Happy Birthday Stick, and thank you for your contributions to the forum .


----------



## Barry747 (Jun 16, 2011)

Happy Birthday Stick. Sorry that you had to spend it reading all of these lame Happy Birthday messages, like this one. Be happy. Just remember some day you will look back on this as the good old days. Ops, did I say old? How accurate of me.


----------



## HoweA (Jul 31, 2013)

Stick around and have a great day...Happy Birthday...


----------



## TWheels (May 26, 2006)

Hope you HAD a great Birthday, @Stick486. Hope you had a coffeecake with candles (and fire extinguishers nearby).


----------



## Stick486 (Jan 4, 2013)

RainMan 2.0 said:


>


a then and now pic...
how cool...
thanks rick...


----------



## jw2170 (Jan 24, 2008)

Happy birthday, Stick.

I thought that glow in the Easter sky was from a comet....


----------



## old55 (Aug 11, 2013)

Happy Birthday Stick have a great day and may they keep on coming.


----------



## jj777746 (Jan 17, 2015)

Happy birthday Stick,will get you a present next year. Jamesjj777746


----------



## 1fizgig (Feb 11, 2018)

Happy Birthday Stick, thanks for always being there to share advice and good humour


----------



## Stick486 (Jan 4, 2013)

thanks everybuddy for making my day...


----------



## David Dickson (Oct 30, 2015)

Happy birthday and thanks for all you do for the forum.


----------



## RÖENTGEEP (Feb 18, 2014)

Feliz cumpleaños querido amigo, aunque sea un poco tarde, ya que fue ayer, sin embargo, espero que la hayas pasado MUY BIEN, disfrutando un año mas, te mando un caluroso abrazo. 

Ya que mencionaron HF, yo te quería regalar un brand new "Sears Crafstman" Router, :surprise: solo digo. :nerd: pero mejor me aguanto. :smile:


----------



## OutoftheWoodwork (Oct 4, 2012)

:x Happy Belated, Stick. :x


----------



## honesttjohn (Feb 17, 2015)

When you get to be as "experienced" as Stick you just count the decades. It's a lot easier.

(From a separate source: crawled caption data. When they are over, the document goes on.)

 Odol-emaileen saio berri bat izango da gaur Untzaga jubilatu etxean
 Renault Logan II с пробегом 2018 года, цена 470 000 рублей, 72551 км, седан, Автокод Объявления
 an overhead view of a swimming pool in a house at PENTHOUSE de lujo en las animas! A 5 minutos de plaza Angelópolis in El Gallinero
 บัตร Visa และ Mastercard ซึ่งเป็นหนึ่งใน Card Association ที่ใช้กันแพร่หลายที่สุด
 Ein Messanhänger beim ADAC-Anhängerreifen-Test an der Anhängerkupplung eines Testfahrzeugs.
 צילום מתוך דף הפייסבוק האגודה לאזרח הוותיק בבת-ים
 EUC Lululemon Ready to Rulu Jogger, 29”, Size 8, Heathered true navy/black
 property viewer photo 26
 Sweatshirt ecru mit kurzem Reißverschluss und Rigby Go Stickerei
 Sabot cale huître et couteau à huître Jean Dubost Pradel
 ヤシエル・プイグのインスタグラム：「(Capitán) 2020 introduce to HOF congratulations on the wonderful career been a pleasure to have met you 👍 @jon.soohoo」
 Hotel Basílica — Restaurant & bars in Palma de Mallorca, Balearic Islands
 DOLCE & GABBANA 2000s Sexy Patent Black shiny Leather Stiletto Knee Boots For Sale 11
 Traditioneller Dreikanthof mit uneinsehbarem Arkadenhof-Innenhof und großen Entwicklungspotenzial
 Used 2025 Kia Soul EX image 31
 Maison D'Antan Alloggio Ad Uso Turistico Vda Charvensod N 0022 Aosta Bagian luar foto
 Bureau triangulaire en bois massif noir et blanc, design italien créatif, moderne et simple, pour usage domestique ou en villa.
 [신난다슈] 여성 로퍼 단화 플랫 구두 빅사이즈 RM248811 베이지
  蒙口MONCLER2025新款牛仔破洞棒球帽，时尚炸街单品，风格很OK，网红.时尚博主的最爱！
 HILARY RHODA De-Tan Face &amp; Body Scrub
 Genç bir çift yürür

I heard Joat was sending you one of his canes - just to stir things up a little.


----------



## Stick486 (Jan 4, 2013)

RÖENTGEEP said:


> Feliz cumpleaños querido amigo, aunque sea un poco tarde, ya que fue ayer, sin embargo, espero que la hayas pasado MUY BIEN, disfrutando un año mas, te mando un caluroso abrazo.
> 
> Ya que mencionaron HF, yo te quería regalar un brand new "Sears Craftsman" Router, :surprise: solo digo. :nerd: pero mejor me aguanto. :smile:


thanks buddy...
no such thing as late to a party...
just a shot of fresh blood to keep things pumping...

send the router to Herb...
we need the entertainment....



Happy birthday dear friend, even if it is a little late, since it was yesterday, however, I hope you had a VERY GOOD time, enjoying another year, I send you a warm hug.

Since they mentioned HF, I wanted to give you a brand new "Sears Crafstman" Router, I'm just saying. but I better hold on


----------



## old coasty (Aug 15, 2014)

Happy Belated Birthday Stick, and many more to come. Thanks for all your contributions for us old learners who continue to learn from the fountain of knowledge.


----------



## Stick486 (Jan 4, 2013)

yur welcome Bob...


----------



## mbrun (Jan 12, 2020)

Happy Belated! Sorry I missed it. 


Sent from my iPad using Tapatalk


----------



## Arcola60 (Jul 4, 2009)

Happy Birthday Stick!
Thanks for all of the helpful information that you always provide to everyone.


----------



## Stick486 (Jan 4, 2013)

mbrun said:


> Happy Belated! Sorry I missed it.
> 
> 
> Sent from my iPad using Tapatalk


you didn't miss it...
as slow as us olders move, it will be awhile before we get the place cleared out....


----------



## Stick486 (Jan 4, 2013)

Arcola60 said:


> Happy Birthday Stick!
> Thanks for all of the helpful information that you always provide to everyone.


thanks and you are so welcome...


----------



## grb1952 (Dec 29, 2014)

Getting older is like frying bacon in the nude. You know its going to hurt, you just don't know where.

Happy Birthday


----------